TASK DIRECTIONS: Give a verbatim copy of the data, leaving the pictures out.

(SOURCE MATERIAL Opens)

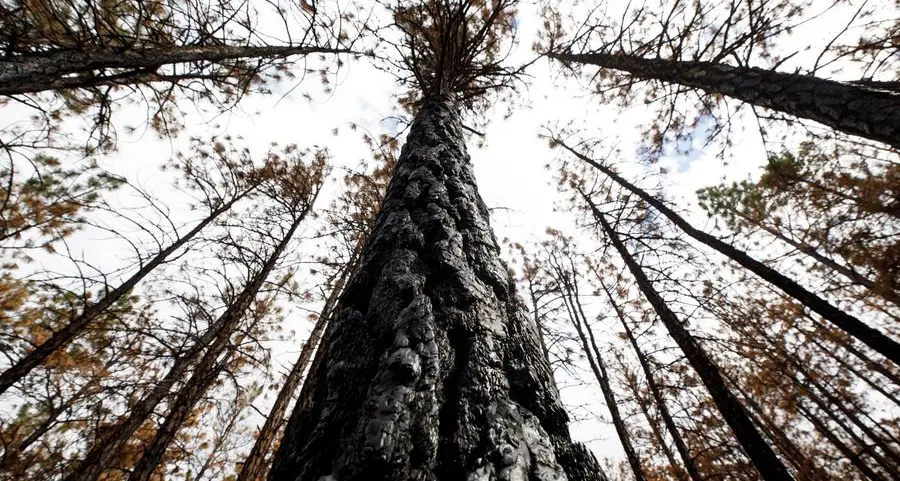 25,000 flee out-of-control wildfires in western Canada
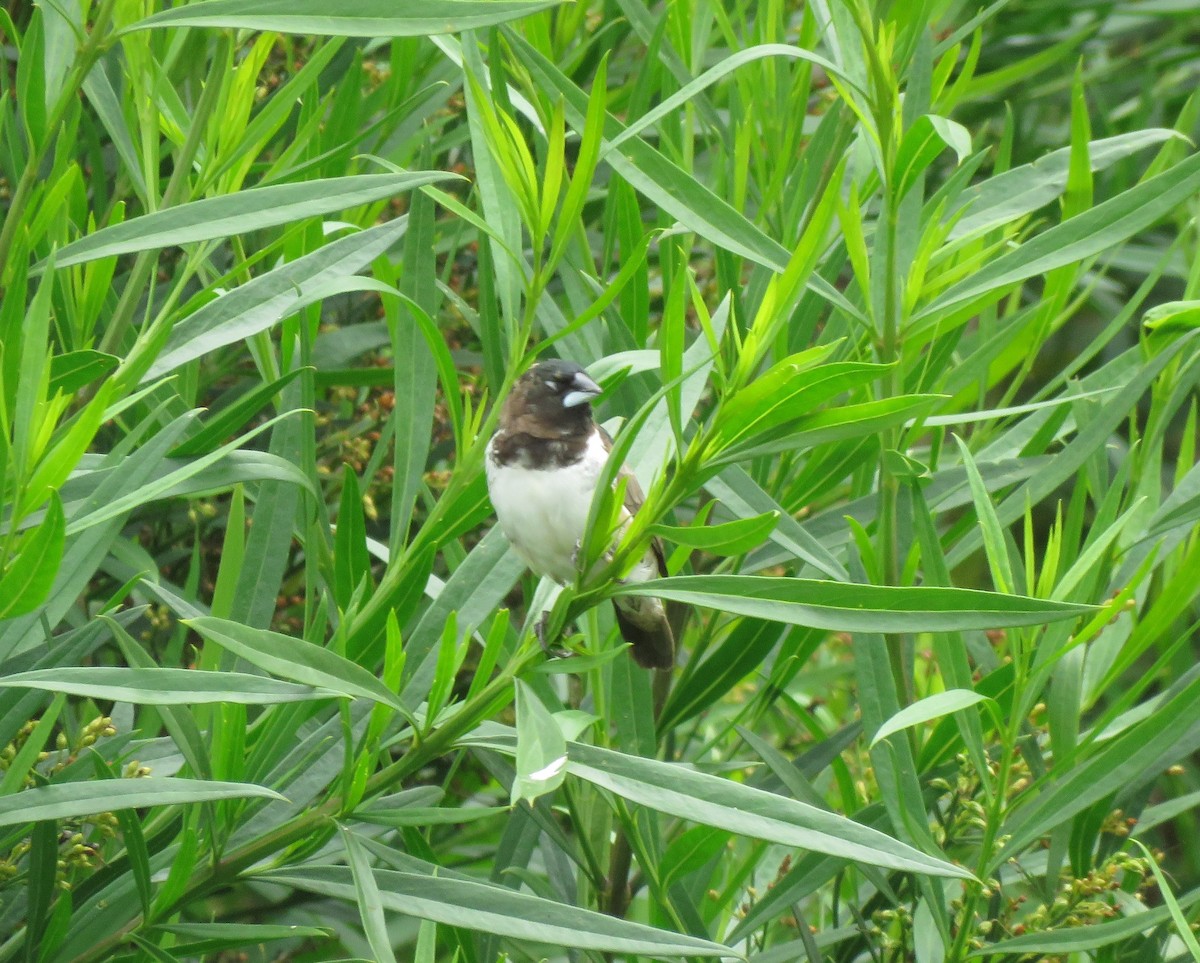 Bronze Mannikin - ML644610419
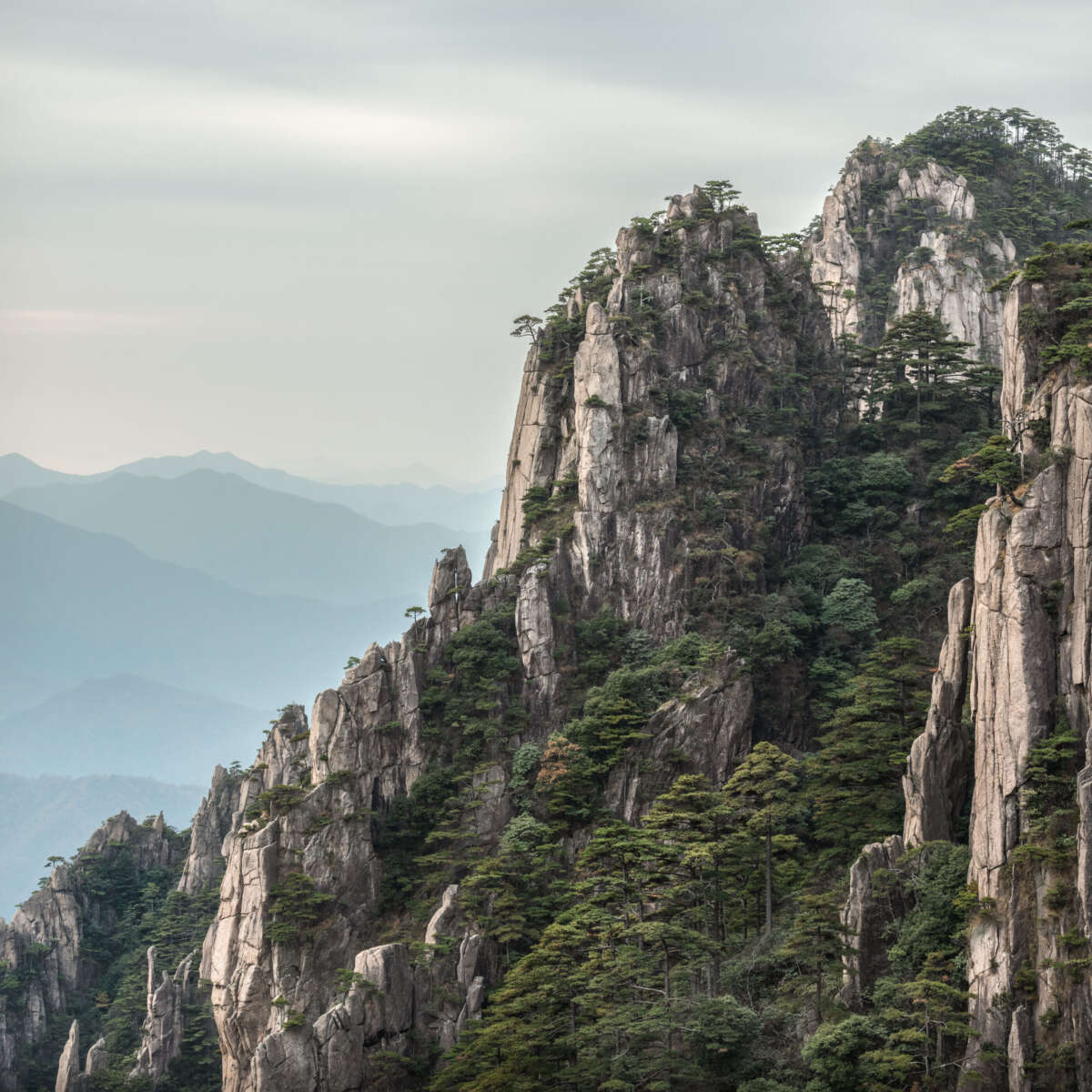 Yellow Mountain China Michael Pilkington aspect2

(SOURCE MATERIAL Closes)

WRITTEN RESPONSE:
 25,000 flee out-of-control wildfires in western Canada
 Bronze Mannikin - ML644610419
 Yellow Mountain China Michael Pilkington aspect2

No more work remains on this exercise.